Retype every record exactly. Leave the pictures out.

Material for this exercise:
··········

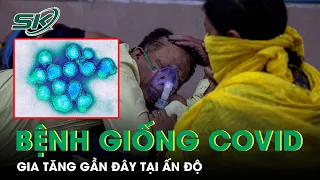 Xuất Hiện Bệnh Truyền Nhiễm Có Triệu Chứng Tương Tự COVID-19 Gia Tăng Gần Đây Tại Ấn Độ I SKĐS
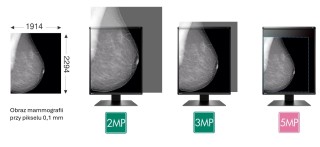 EIZO RadiForce GX570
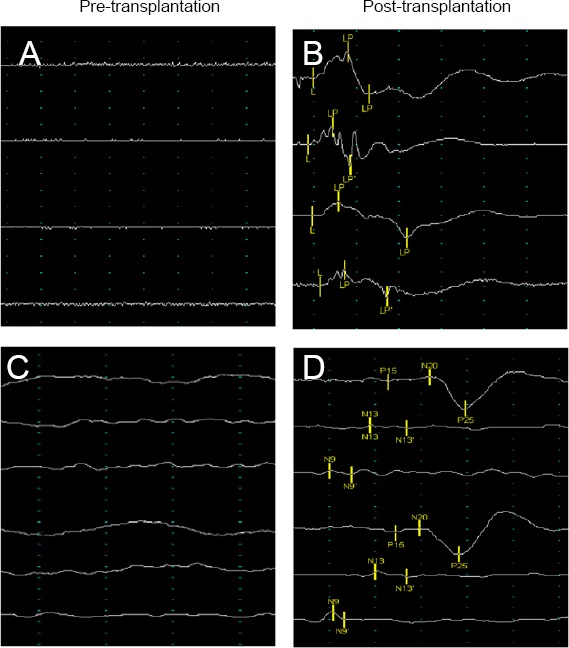 神經(jīng)電生理學(xué)改善 神經(jīng)電生理學(xué)改善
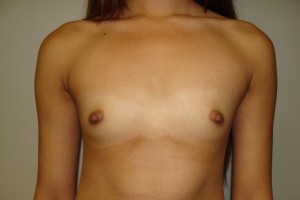 Breast Augmentation Before and After 180 | Sanjay Grover MD FACS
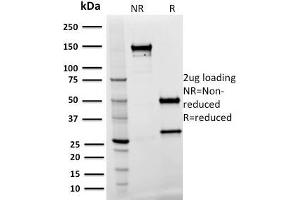 SDS-PAGE Analysis Purified SPASTIN Mouse Monoclonal Antibody (Sp 3G11-1). (Spastin anticorps)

··········

Written solution:
 Xuất Hiện Bệnh Truyền Nhiễm Có Triệu Chứng Tương Tự COVID-19 Gia Tăng Gần Đây Tại Ấn Độ I SKĐS
 EIZO RadiForce GX570
 神經(jīng)電生理學(xué)改善 神經(jīng)電生理學(xué)改善
 Breast Augmentation Before and After 180 | Sanjay Grover MD FACS
 SDS-PAGE Analysis Purified SPASTIN Mouse Monoclonal Antibody (Sp 3G11-1). (Spastin anticorps)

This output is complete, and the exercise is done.